In order to encourage the root system to stretch deep into the ground, water the lawn to a depth of 6 – 8 inches. Most lawns only require an inch of water per week (including rainfall). Any more is actually bad for the lawn because it negatively affects drought tolerance. Ideally the lawn wouldn’t get the entire inch in one watering. Spacing out watering every 3 – 4 days and applying a ½ inch each time is an effective way to distribute the water.

3. Use cans or a rain gauge

How do you know how much you’ve watered unless you measure it? Use an empty tuna can or a rain gauge to determine how much water is being delivered over a certain time interval.

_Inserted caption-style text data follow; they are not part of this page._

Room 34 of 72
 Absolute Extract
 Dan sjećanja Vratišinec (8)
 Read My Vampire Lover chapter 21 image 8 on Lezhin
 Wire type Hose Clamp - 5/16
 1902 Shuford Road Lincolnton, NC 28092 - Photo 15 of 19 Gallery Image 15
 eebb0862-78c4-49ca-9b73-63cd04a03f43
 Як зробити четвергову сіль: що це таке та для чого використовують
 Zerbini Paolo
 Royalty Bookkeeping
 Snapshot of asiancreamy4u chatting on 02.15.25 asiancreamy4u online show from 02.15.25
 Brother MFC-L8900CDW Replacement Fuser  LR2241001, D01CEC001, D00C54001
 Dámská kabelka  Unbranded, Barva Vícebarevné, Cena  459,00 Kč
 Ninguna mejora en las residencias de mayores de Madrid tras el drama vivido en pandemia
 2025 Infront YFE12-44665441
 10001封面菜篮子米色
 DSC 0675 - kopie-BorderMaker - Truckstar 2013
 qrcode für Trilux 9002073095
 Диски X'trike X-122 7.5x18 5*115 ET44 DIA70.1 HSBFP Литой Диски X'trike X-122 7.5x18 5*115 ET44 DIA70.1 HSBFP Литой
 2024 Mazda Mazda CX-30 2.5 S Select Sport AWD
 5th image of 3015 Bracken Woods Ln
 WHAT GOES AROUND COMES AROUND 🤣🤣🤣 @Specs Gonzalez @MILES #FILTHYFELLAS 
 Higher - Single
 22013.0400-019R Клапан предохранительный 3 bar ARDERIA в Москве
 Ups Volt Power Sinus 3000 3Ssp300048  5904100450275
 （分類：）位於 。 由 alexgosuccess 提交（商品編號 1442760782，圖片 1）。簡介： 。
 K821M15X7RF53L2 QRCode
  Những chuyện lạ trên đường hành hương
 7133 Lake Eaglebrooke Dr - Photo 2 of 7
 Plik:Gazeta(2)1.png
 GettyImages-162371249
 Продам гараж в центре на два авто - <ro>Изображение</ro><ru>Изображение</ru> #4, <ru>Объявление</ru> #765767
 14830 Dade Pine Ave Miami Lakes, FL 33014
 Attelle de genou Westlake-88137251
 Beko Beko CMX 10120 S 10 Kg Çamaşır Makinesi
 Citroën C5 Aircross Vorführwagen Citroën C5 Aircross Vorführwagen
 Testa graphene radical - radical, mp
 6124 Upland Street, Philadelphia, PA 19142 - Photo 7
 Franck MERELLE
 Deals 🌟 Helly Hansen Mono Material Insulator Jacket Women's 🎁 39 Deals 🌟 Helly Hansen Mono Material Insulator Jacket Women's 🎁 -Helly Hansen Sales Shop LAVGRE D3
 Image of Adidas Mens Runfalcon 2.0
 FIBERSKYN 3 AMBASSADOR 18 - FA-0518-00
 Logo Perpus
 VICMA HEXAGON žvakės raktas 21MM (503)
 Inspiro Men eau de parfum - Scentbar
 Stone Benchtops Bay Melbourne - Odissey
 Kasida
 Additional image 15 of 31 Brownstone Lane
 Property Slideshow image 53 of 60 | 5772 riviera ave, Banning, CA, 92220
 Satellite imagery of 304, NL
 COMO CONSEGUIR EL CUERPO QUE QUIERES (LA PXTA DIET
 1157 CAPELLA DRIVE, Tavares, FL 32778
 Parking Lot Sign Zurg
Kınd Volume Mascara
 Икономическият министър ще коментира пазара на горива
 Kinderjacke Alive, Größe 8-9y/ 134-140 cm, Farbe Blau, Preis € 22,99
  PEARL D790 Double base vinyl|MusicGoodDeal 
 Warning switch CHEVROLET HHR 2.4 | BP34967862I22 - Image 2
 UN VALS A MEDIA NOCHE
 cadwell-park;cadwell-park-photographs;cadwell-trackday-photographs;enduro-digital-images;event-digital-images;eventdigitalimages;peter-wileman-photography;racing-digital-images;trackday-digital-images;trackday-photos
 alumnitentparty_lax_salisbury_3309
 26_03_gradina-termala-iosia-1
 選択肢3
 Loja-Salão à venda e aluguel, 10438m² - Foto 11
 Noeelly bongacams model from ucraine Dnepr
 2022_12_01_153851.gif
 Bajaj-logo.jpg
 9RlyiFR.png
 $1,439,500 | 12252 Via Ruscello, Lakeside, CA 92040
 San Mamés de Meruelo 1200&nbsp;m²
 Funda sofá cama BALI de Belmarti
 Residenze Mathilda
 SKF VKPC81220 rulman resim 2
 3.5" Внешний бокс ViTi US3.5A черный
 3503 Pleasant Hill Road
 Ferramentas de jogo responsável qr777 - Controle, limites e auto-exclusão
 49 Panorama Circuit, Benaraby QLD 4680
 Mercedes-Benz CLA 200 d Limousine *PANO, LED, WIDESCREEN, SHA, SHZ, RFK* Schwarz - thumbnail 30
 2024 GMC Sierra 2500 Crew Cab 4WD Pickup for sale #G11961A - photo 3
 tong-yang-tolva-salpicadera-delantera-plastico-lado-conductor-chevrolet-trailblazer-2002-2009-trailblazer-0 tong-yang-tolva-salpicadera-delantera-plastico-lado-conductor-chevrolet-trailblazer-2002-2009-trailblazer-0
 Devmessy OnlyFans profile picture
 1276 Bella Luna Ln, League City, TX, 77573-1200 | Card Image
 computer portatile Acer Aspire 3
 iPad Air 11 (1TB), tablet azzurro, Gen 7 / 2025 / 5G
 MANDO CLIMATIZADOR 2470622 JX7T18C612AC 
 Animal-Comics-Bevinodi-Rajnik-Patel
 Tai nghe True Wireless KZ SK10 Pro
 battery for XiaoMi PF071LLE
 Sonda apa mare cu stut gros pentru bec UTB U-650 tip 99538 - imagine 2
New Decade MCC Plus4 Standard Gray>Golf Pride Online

It usually takes 640 gallons of water to distribute 1 inch of water per 1,000 square feet. (No wonder irrigation takes up the vast majority of water usage in the US!)

Final words

brown-grass

Photo: Flickr / Shane Stacks

If you don’t plan on irrigating throughout the summer, by circumstance or choice, there are precautions to take in order to prepare your lawn. It’s best to slowly ease an actively growing lawn into dormancy rather than halting all watering at once. The best way to do this is by allowing the drought stress symptoms to appear between watering, mowing high, and not over-fertilizing with nitrogen.